Exercise prompt >>
Once you find the line with "Deputado se irritou com palavreado de Zeca", output it and every line after it exactly, through the last line of the listing, but no pictures.

Data shown >>
■ ■ ■ ■ ■ ■ ■

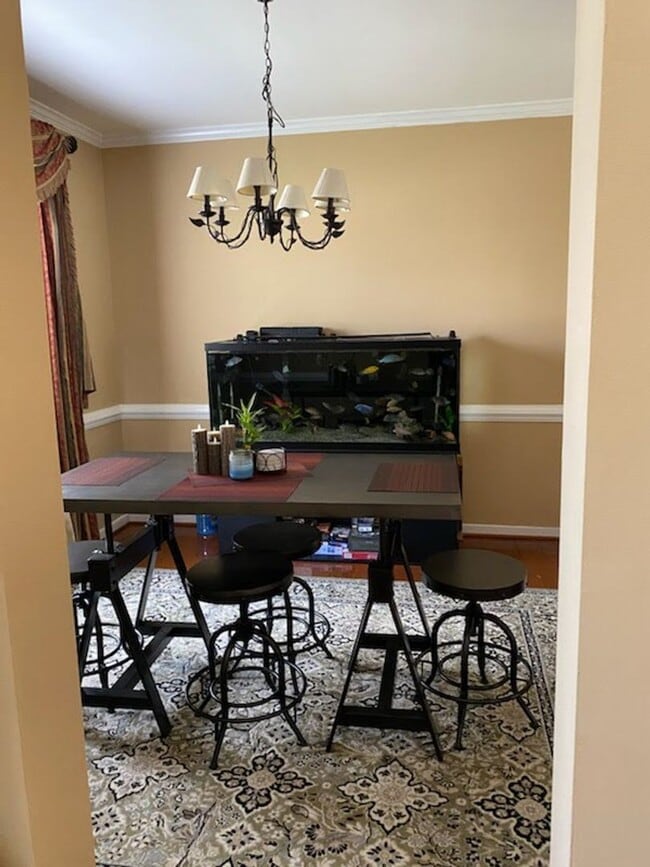 Building Photo - Charming 4-Bedroom 2.5 Bathroom Home locat...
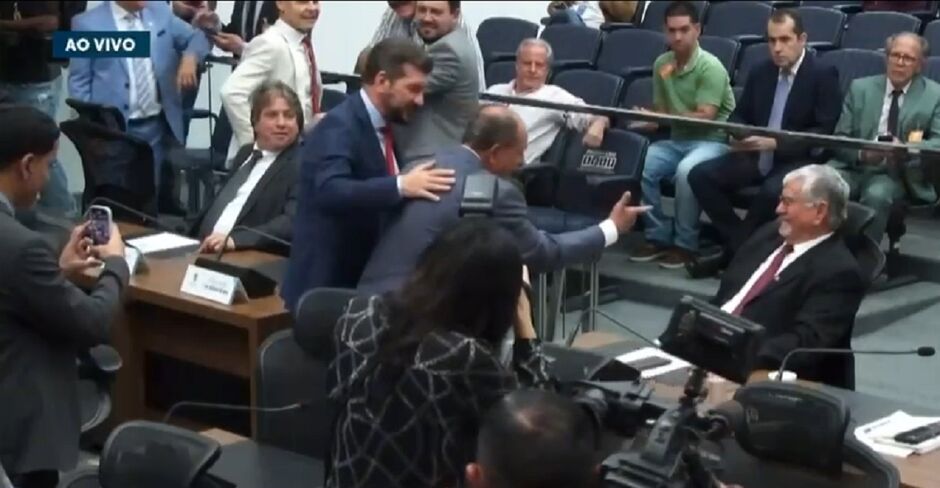 Deputado se irritou com palavreado de Zeca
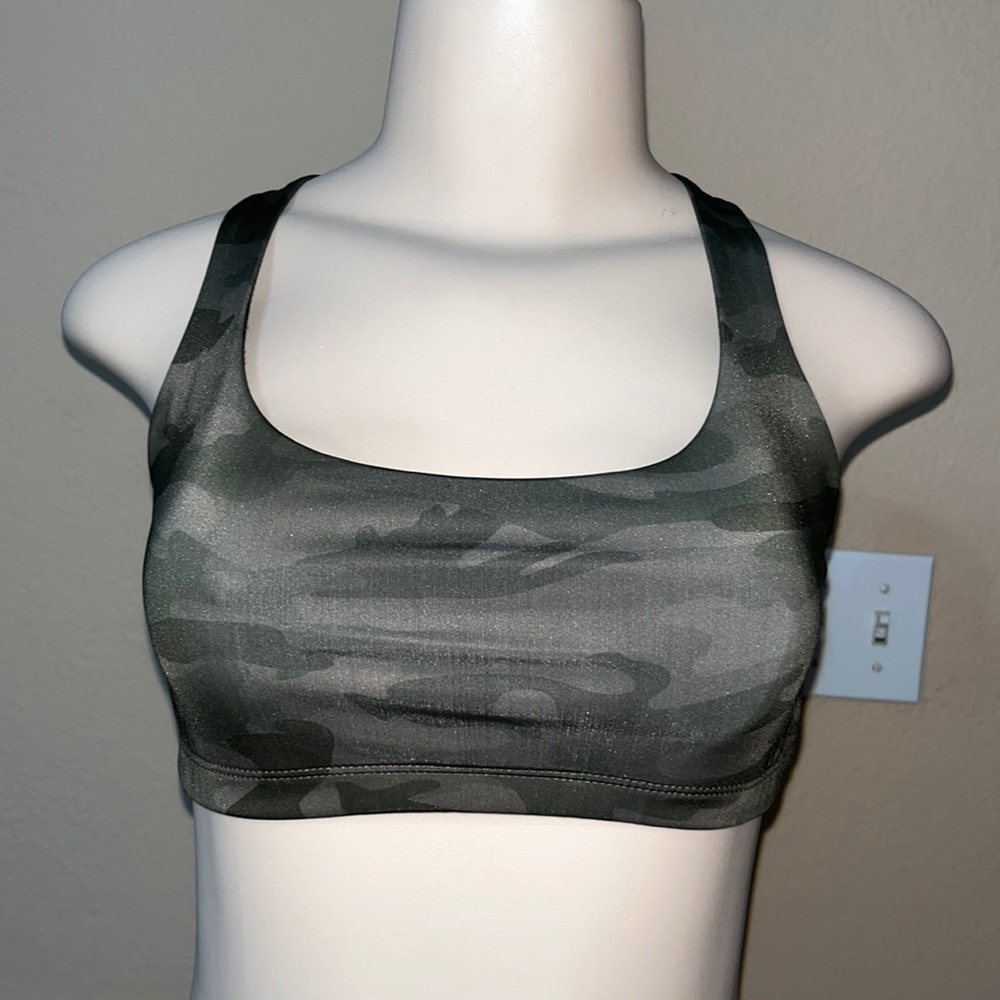 Onzie Camo Print Sports Bra Strappy Olive Green M/L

■ ■ ■ ■ ■ ■ ■

Exercise solution >>
 Deputado se irritou com palavreado de Zeca
 Onzie Camo Print Sports Bra Strappy Olive Green M/L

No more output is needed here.